Le grand costaud au coeur tendre dans l'ombre de Maxime Grousset à l'Insep s'est émancipé, il a pris son appartement avec sa compagne, son projet en main et ne se contente plus du minimum. Il n'a plus peur ni du 200 m dos, ni de ses adversaires. Jeudi soir, en sortant de sa course, il a dit à son coach : « On l'a tellement fait à l'entraînement, je n'ai plus peur. Ça ne m'a pas coûté beaucoup, je pense qu'il m'en reste. »

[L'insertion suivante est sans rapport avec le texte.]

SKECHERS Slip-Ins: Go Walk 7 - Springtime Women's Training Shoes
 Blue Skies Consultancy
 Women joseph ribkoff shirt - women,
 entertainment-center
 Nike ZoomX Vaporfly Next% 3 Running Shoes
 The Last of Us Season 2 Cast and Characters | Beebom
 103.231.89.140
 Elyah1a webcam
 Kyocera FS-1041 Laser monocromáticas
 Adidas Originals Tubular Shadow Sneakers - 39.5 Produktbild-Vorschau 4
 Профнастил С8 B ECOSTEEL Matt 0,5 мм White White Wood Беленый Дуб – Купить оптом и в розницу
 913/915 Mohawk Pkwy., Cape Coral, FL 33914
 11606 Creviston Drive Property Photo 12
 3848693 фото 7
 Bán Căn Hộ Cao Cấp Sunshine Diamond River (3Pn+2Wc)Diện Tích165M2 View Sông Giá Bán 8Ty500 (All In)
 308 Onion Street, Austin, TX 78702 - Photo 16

Il connaît en détail le défi immense qui l'attend ce vendredi en finale : « Il y a du monde, des gros clients, je sais que le Grec (Apostolos Siskos) peut aller plus vite, Hubert (Kos, le Hongrois) et Roman (Mityukov, le Suisse). Je suis content parce que j'aime bien être au milieu (ligne 5) sur le 200 pour voir ce qui se passe dans la course. » De quoi remplir ses notes.